■ TASK TO CARRY OUT
Below are entries. Copy exactly the lines running from the line that holds "Бузян Лидия Олеговна" to the line that holds "Regal Hongkong Hotel image", with both ends included.

■ WORKING DATA

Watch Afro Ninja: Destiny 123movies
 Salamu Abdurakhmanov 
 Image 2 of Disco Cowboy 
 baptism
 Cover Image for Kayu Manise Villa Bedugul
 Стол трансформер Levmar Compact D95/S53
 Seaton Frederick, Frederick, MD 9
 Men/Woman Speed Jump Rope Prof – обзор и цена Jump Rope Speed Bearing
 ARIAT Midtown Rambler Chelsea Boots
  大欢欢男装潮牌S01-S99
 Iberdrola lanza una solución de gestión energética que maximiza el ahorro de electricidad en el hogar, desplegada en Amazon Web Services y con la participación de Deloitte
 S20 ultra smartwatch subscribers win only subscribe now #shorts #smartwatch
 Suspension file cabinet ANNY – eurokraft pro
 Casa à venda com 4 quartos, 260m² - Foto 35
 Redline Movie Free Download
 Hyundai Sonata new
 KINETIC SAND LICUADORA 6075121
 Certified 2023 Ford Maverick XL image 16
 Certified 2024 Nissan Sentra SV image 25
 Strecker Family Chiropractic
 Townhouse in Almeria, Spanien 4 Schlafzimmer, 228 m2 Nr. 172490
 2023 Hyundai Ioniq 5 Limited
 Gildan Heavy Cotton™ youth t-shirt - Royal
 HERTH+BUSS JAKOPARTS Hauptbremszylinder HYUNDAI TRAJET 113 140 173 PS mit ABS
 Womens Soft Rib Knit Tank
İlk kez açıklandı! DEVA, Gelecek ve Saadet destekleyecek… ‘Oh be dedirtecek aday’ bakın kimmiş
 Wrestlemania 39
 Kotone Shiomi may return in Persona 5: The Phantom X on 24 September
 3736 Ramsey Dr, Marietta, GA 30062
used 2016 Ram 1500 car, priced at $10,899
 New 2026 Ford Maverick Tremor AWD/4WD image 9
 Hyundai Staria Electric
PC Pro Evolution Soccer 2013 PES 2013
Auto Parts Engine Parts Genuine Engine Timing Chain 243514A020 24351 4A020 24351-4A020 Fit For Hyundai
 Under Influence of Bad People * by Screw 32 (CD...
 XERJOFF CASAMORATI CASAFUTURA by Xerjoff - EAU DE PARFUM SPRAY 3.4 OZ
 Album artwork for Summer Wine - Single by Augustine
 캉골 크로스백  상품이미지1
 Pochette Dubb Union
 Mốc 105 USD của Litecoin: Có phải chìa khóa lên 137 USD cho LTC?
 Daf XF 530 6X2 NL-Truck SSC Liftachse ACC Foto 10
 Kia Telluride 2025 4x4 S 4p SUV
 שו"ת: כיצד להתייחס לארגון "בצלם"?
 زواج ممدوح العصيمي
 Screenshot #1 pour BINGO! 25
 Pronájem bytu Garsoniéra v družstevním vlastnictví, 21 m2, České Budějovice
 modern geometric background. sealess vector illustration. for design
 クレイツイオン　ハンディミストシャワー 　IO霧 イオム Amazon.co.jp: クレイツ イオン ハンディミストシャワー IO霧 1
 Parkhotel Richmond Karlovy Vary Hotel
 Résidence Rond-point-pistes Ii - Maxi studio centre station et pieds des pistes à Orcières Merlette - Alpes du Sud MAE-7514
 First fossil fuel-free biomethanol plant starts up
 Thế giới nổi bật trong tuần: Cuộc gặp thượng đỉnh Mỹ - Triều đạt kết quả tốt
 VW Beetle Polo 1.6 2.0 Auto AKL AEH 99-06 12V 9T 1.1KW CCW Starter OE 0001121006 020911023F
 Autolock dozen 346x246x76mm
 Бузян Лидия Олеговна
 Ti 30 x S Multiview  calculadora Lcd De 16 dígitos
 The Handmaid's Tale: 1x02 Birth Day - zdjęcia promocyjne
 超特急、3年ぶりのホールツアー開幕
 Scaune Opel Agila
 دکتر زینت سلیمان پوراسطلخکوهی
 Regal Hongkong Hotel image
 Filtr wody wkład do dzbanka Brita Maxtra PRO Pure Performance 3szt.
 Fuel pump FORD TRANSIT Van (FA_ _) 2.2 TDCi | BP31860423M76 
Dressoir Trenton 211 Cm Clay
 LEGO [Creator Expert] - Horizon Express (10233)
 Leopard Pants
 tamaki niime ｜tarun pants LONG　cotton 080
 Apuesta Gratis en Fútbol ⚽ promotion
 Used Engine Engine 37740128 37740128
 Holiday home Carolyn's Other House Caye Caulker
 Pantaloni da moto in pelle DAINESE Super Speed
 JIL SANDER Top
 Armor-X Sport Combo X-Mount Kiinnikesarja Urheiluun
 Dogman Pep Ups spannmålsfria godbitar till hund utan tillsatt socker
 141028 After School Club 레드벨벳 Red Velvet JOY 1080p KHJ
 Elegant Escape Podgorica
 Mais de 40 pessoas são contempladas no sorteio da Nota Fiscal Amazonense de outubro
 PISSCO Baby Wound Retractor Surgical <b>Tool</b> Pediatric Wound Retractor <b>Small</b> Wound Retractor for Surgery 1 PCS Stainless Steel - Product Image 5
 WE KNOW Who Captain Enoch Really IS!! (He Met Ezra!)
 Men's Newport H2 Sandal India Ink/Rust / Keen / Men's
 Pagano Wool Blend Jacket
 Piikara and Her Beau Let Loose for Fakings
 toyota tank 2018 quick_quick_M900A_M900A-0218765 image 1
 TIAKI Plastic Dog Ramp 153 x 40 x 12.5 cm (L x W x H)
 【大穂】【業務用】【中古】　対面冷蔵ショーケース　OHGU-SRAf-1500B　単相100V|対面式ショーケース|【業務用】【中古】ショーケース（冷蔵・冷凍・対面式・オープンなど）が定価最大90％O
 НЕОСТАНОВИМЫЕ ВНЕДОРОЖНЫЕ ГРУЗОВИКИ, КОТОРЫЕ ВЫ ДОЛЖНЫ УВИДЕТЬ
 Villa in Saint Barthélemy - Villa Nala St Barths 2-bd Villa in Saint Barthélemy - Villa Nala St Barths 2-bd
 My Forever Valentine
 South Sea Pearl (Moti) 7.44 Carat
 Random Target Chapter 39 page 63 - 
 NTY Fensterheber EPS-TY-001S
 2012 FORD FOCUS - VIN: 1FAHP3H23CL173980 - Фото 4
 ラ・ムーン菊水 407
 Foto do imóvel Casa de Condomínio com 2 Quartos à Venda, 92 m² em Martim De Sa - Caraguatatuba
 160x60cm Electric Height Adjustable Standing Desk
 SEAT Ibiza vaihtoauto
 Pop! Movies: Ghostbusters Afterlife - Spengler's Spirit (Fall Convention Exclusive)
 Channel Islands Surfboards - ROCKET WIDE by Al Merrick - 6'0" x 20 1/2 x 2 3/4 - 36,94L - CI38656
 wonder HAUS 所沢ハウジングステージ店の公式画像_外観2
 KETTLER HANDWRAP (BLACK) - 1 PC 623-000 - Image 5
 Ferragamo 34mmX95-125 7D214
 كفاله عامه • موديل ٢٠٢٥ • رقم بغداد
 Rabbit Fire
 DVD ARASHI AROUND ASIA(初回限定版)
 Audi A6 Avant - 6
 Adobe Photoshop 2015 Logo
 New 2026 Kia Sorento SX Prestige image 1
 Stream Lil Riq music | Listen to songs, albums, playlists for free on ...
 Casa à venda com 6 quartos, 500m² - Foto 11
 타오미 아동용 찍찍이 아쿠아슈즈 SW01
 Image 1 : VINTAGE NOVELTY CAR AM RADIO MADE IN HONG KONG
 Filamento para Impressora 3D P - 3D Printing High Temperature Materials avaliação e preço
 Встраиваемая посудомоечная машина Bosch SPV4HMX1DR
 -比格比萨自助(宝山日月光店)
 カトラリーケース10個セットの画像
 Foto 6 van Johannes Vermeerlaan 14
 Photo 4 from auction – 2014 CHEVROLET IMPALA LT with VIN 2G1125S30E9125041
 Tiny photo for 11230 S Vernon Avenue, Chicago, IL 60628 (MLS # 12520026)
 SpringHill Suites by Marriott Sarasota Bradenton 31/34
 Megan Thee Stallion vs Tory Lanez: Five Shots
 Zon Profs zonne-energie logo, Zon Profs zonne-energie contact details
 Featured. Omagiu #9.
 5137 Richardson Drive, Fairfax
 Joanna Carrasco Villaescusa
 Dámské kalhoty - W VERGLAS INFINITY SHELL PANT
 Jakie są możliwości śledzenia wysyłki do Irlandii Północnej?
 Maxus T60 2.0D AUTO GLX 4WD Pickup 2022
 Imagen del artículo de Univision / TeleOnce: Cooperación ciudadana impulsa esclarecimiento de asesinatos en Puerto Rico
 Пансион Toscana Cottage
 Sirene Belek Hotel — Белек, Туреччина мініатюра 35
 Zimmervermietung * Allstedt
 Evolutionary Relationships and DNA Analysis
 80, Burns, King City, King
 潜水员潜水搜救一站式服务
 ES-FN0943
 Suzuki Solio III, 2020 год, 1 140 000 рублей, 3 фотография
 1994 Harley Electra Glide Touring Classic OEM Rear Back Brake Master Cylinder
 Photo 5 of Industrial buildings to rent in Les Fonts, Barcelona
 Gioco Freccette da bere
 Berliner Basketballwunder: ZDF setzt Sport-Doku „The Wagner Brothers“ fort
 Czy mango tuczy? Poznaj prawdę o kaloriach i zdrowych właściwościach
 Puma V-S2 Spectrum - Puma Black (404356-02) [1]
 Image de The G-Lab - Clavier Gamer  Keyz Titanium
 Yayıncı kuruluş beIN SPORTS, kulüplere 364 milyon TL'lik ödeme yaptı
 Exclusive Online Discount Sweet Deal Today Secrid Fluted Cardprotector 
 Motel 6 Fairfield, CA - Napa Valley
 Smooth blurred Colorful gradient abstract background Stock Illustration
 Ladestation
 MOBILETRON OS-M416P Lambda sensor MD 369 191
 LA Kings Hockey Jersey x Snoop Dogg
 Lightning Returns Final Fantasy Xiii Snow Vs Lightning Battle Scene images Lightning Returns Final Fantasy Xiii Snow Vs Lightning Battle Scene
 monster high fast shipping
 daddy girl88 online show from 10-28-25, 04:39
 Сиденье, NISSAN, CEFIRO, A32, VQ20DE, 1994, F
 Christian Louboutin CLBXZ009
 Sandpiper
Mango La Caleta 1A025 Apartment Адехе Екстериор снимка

■ YOUR RESPONSE
 Бузян Лидия Олеговна
 Ti 30 x S Multiview  calculadora Lcd De 16 dígitos
 The Handmaid's Tale: 1x02 Birth Day - zdjęcia promocyjne
 超特急、3年ぶりのホールツアー開幕
 Scaune Opel Agila
 دکتر زینت سلیمان پوراسطلخکوهی
 Regal Hongkong Hotel image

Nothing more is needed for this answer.